Costco plans in progress PDF Print E-mail
Written by ALEX ASPACHER Sentinel Staff Writer   
Tuesday, 08 October 2013 09:35
File photo. A property for sale at the corner of Eckel Road and Route 25 in Perrysburg, Ohio. The property is a potential location for Costco. (Photo: Enoch Wu/Sentinel-Tribune)
PERRYSBURG - Plans for retailer Costco to build a Wood County location are still in development as the company attempts to have a site plan ready by next week.
No plan has yet been submitted as Costco eyes a members-only wholesale store at the southeast corner of Ohio 25 and Eckel Junction Road on a lot formerly used as a horse farm. Preliminary plans call for a 148,000-square-foot facility with a gas station and 732 parking spots.

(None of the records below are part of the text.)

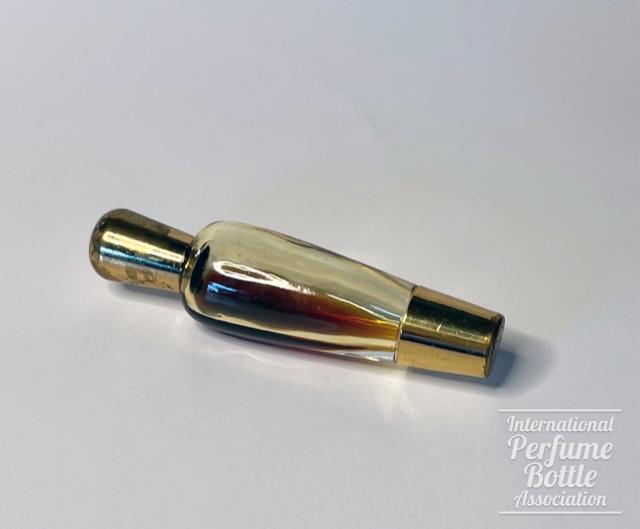 "NM" by Neiman Marcus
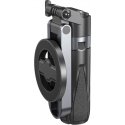 Dėklas XO selfie stick-tripod SS22 BT, must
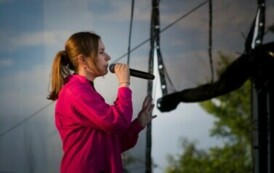 IMG_8771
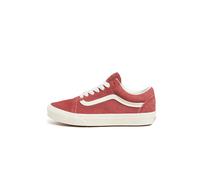 VANS Zapatillas deportivas bajas 'Old Skool' salmón / blanco 34,5 salmón / blanco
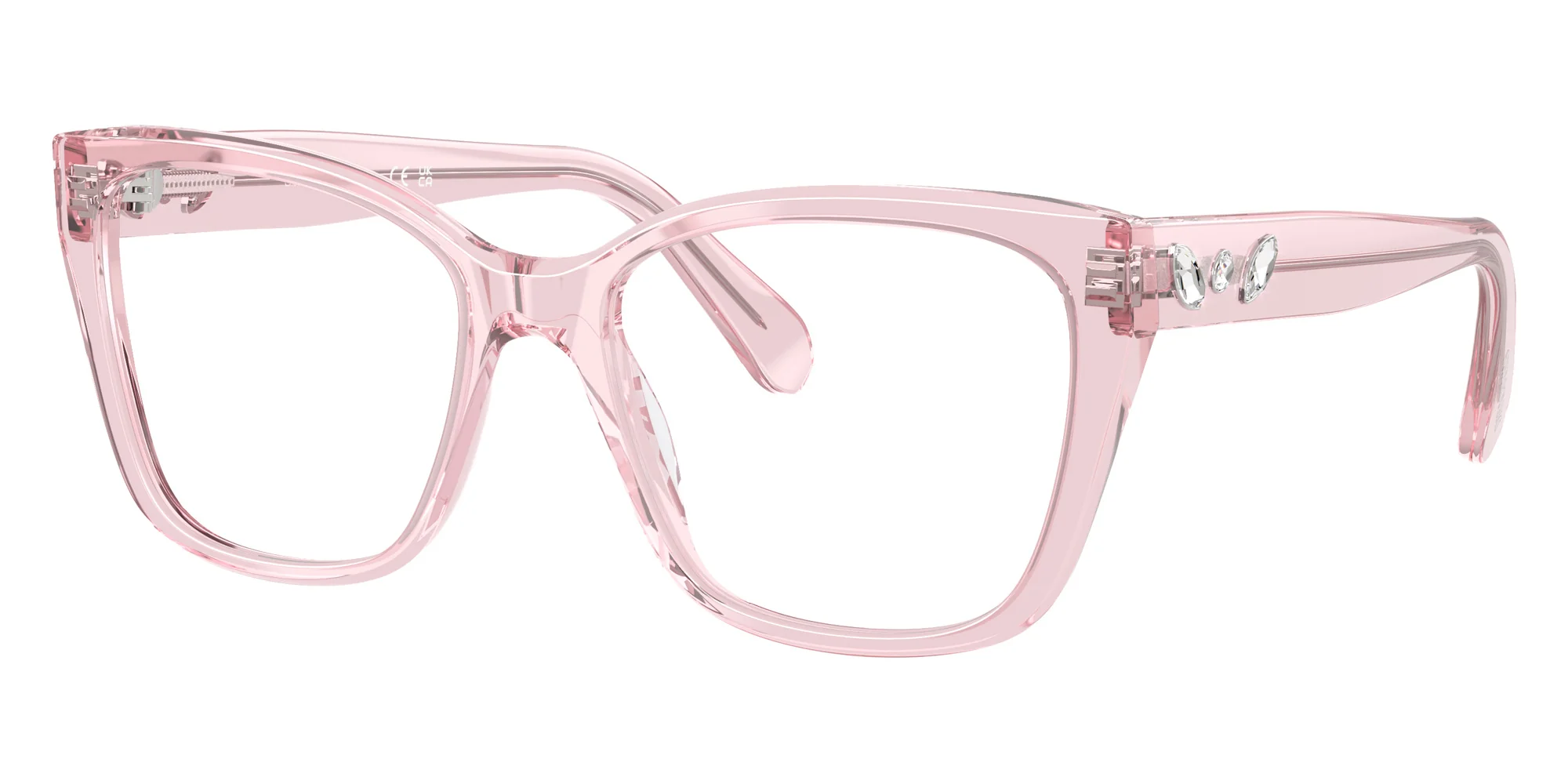 Swarovski - SK2008 - Image 27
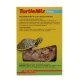 Turtle Mix Baby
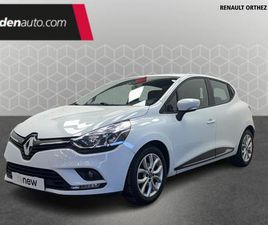 DCI 90 E6C EDC BUSINESS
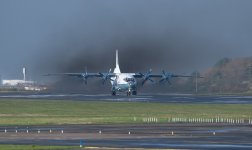 Antonov3.jpg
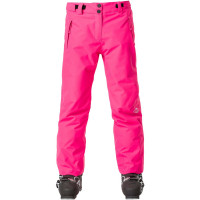 Rossignol Girl Ski Pant 20/21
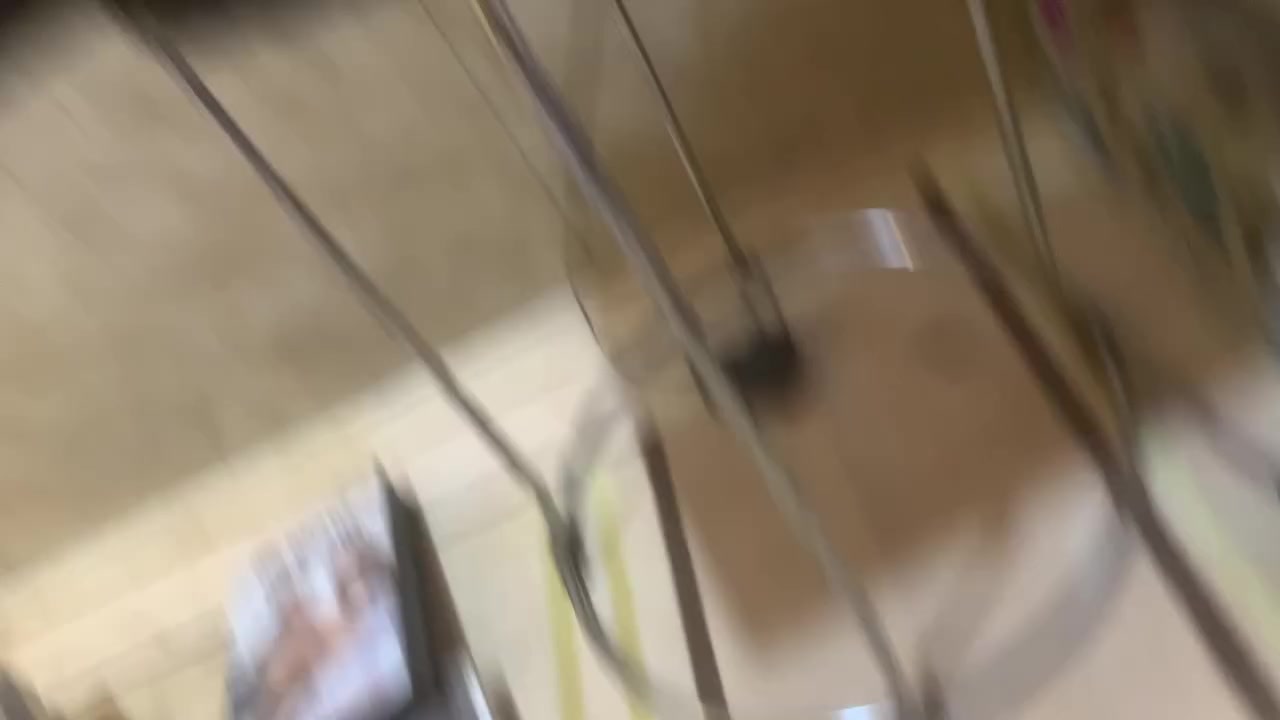 فيديو كاسيت نوع كودمانس
سعر 35مع التوصيل


**إذا كنت صاحب هذا الإعلان وتريد حذفه لأي سبب، رجاءا أرسل رسالة إلى الدعم الفني**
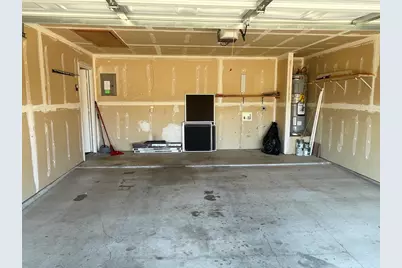 5815 Medina Drive, Killeen, TX 76542 - Photo 24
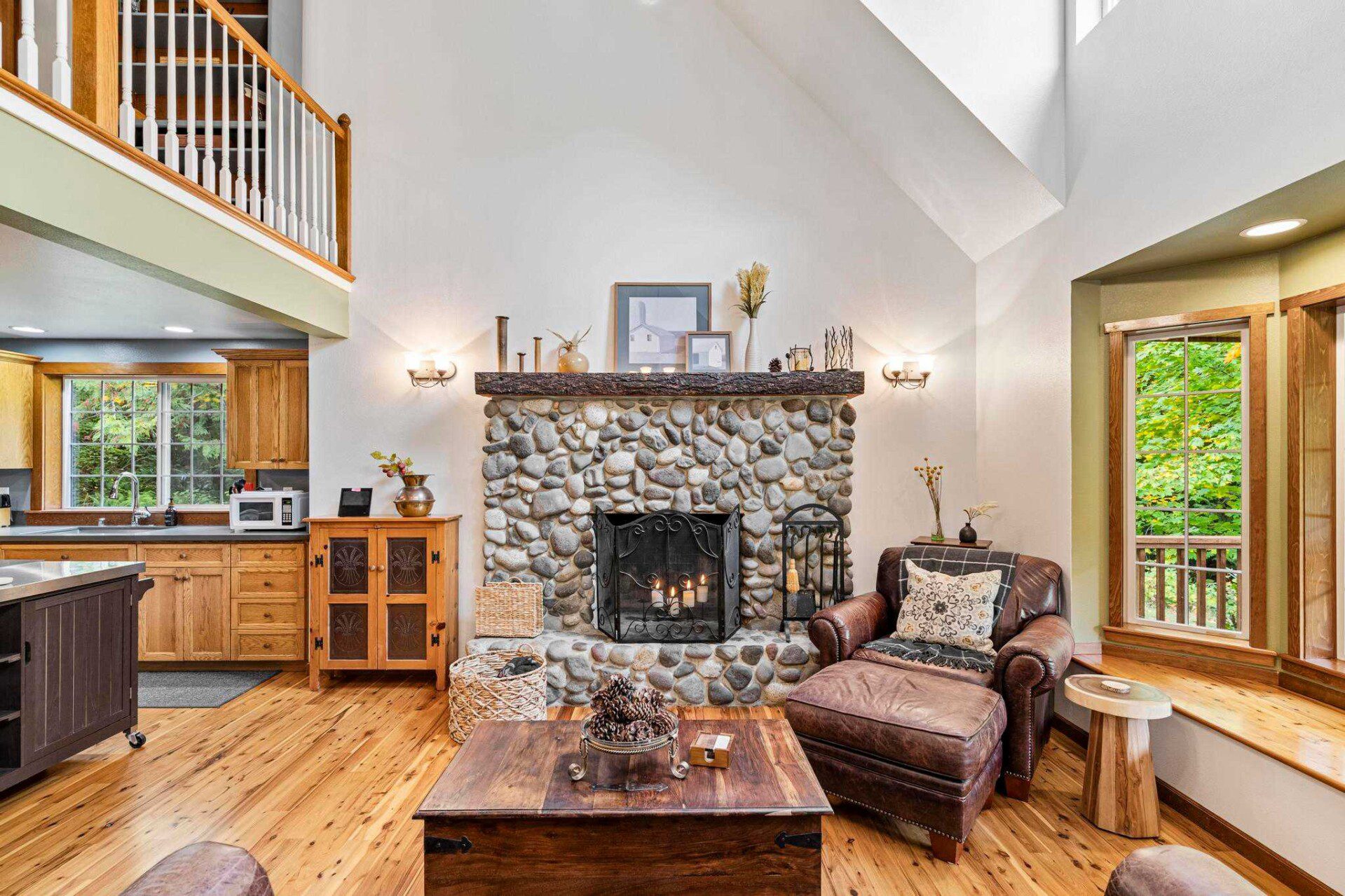 oil7xjgg9offnttbijvh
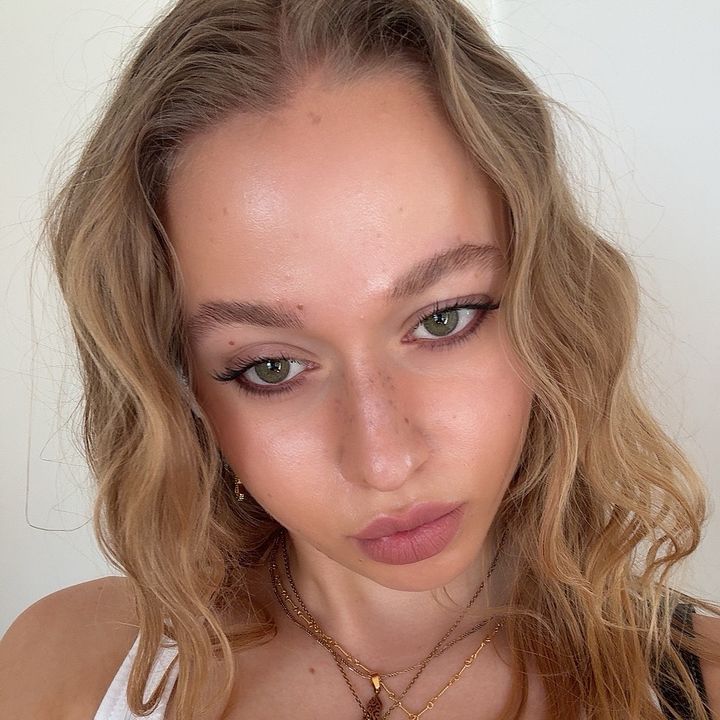miamadelaines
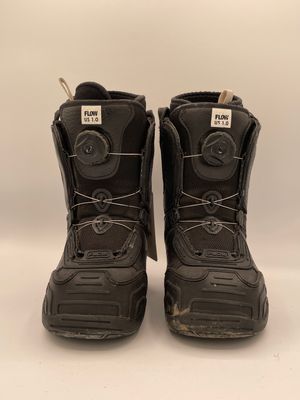 Flow Ansr Jr BOA Kids Snowboard Boots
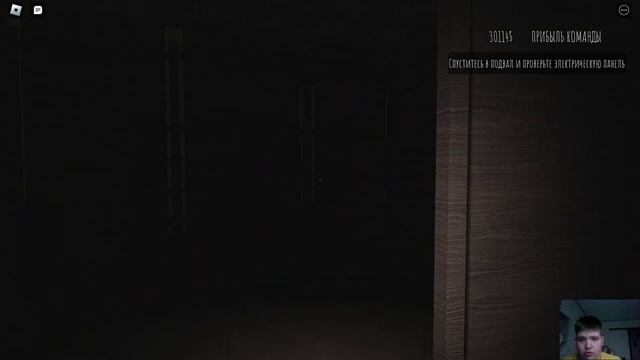 Кукольный дом Полное Прохождение!!! смотреть онлайн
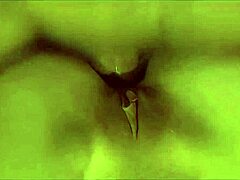 Hannah Harper Takes Monster Cock in Assfucking with Gaping Asshole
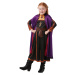 Rubies Dětský kostým - Anna (šaty) Velikost - děti: L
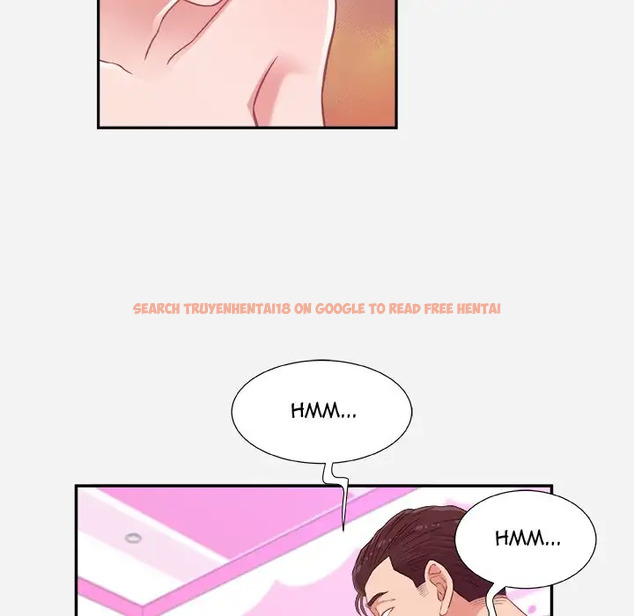 Read Hentai Image 48 561 in comic Alumni - Chapter 9 - www.hentaitnt.net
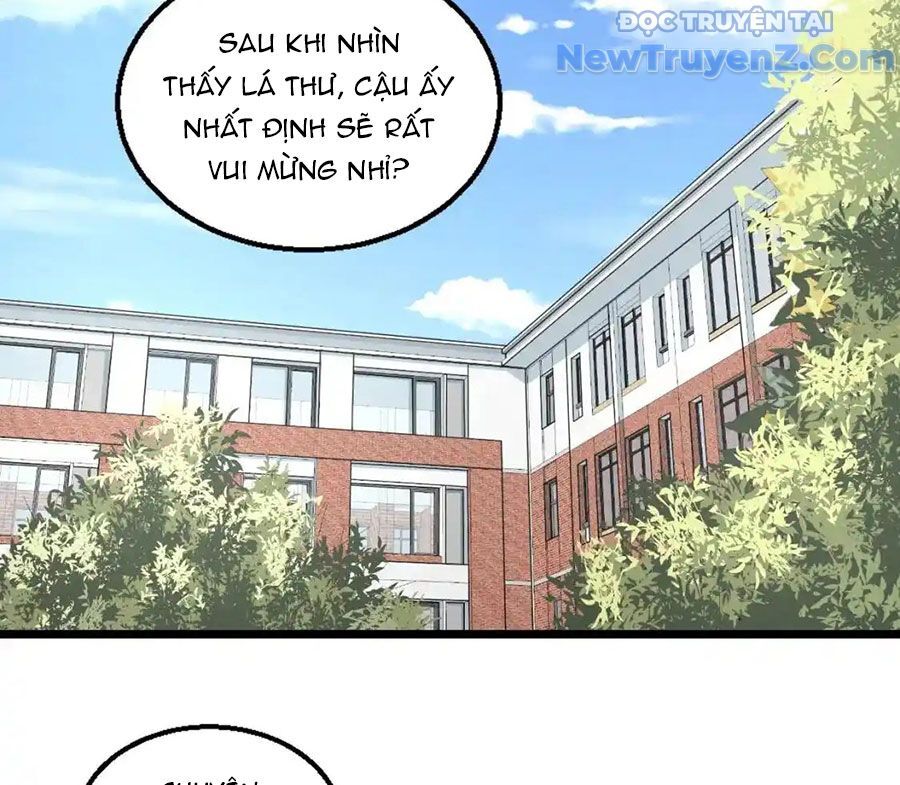 Dẫu Nản Vẫn Cố Chương 6 Ảnh 6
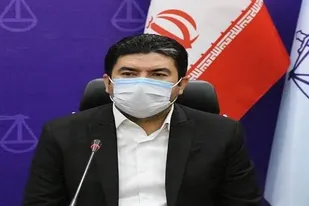 راه اندازی سامانه &laquo;مدیریت پنجره واحد زمین&raquo; در استان قزوین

A plan would need to be submitted by Oct. 15 for consideration by Planning Commission in November, but missing that deadline would just push the review back a month.
City officials insist they're not at odds with retailer Costco over suggested changes to the plan, nor are they attempting to woo the company by developing the intersection.
Administrator Bridgette Kabat said roadway improvements to the intersection where the store would be located, estimated at $2.1 million, have been developed over the last year, not in response to Costco showing interest.
Kabat and Brody Walters, planning and zoning administrator, said they wanted to expand the area to maximize traffic capacity and prepare for an ideal scenario where all properties are fully developed, well before Costco entered the picture as a possible resident.
"We had plans to improve that intersection long before we got wind of Costco coming," Walters said.
Kabat said the company did request an additional left-turn lane be installed for westbound traffic on Eckel Junction turning south onto Ohio 25. But the city is not paying for it, as Costco is expected to contribute about $500,000 for the full cost of project. A traffic study will determine how much it should pay toward other improvements, she said.
Walters said he's exchanged notes with the company as it develops designs, but that those were suggestions rather than any requirements from the city.
The plans have shifted between a building at an angle and one that faces Ohio 25, and Walters suggested minor changes such as a more direct sidewalk to the front door, positioning of the gas station, landscaping and other elements - all items that will be reviewed in detail before any approval of a final site plan.
"They know the things they want to be on the property. Now they're playing a theoretical game of Tetris to make sure everything fits," he said.
Walters suggested that while some are concerned the store will pack an already busy intersection, road improvements and a potential state project to redesign the nearby I-475/U.S. 23 interchange might actually make traffic move more smoothly.